▸ DATA EXTRACT:
..............................

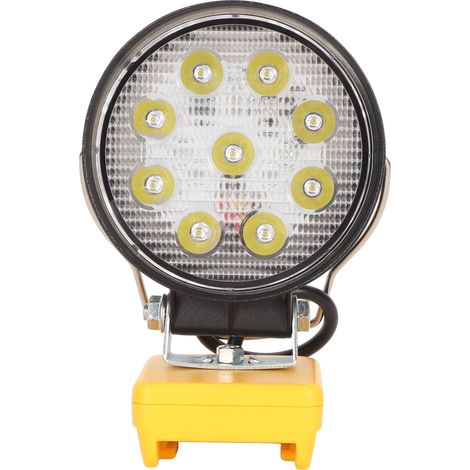 Lampe de travail LED 27 W ronde à double niveau d'intensité réglable, boîtier en aluminium, dissipation thermique rapide, pour batteries au lithium 18 V à 20 V (1/5)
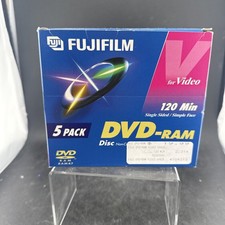 NEW Fujifilm DVD-RAM 120 Min 4.7GB 5 Pack Blank Video Discs Single Sided Sealed picture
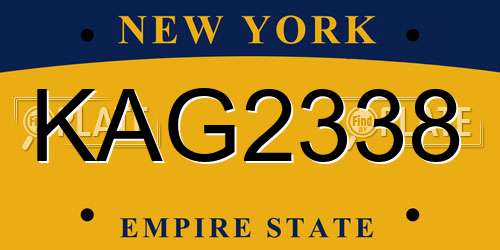 KAG2338 New York License Plate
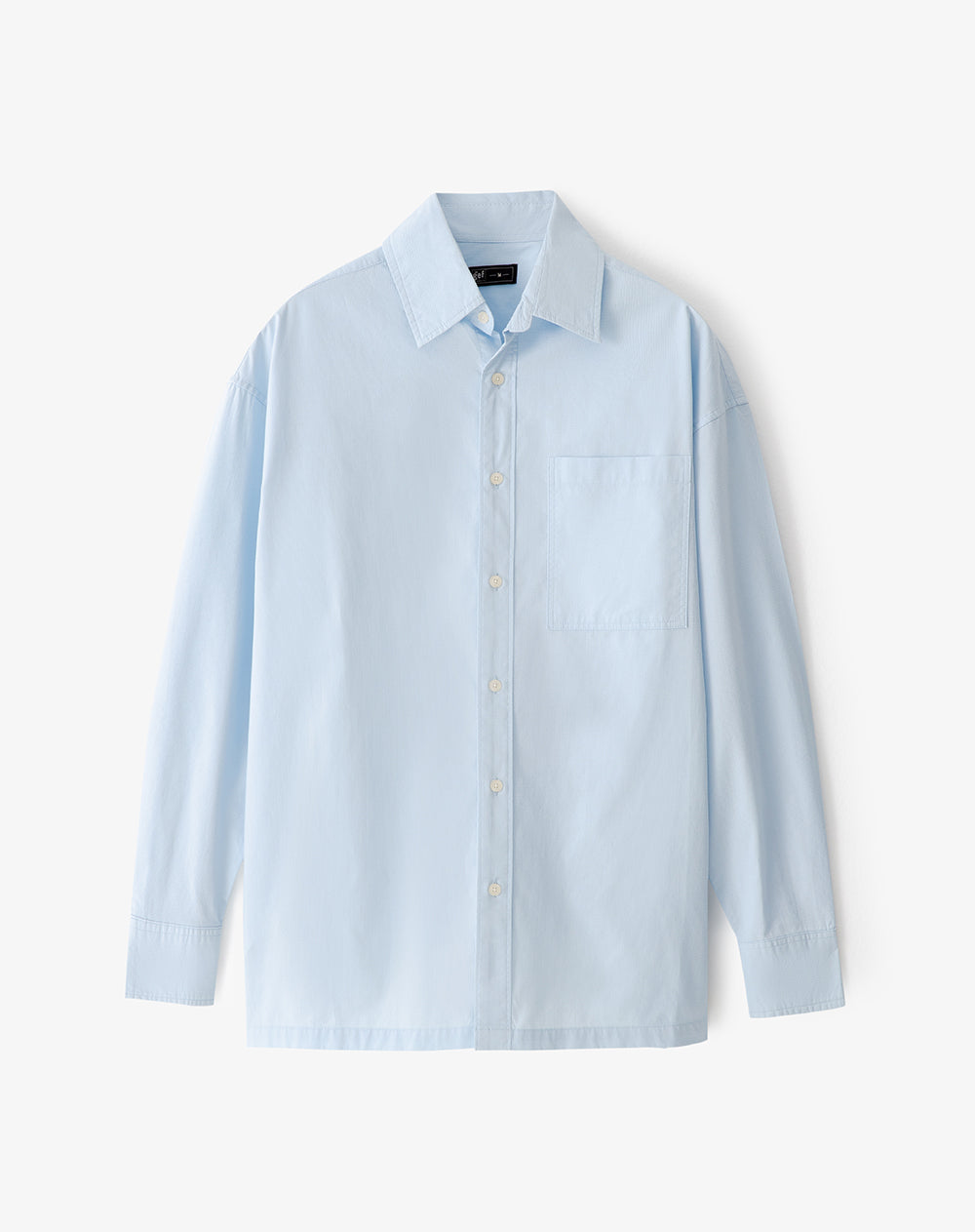 Camisa loose fit manga larga azul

..............................

▸ PROBLEM TO WORK ON:
Copy all the material exactly; omit images.

▸ YOUR SOLUTION:
 Lampe de travail LED 27 W ronde à double niveau d'intensité réglable, boîtier en aluminium, dissipation thermique rapide, pour batteries au lithium 18 V à 20 V (1/5)
 NEW Fujifilm DVD-RAM 120 Min 4.7GB 5 Pack Blank Video Discs Single Sided Sealed picture
 KAG2338 New York License Plate
 Camisa loose fit manga larga azul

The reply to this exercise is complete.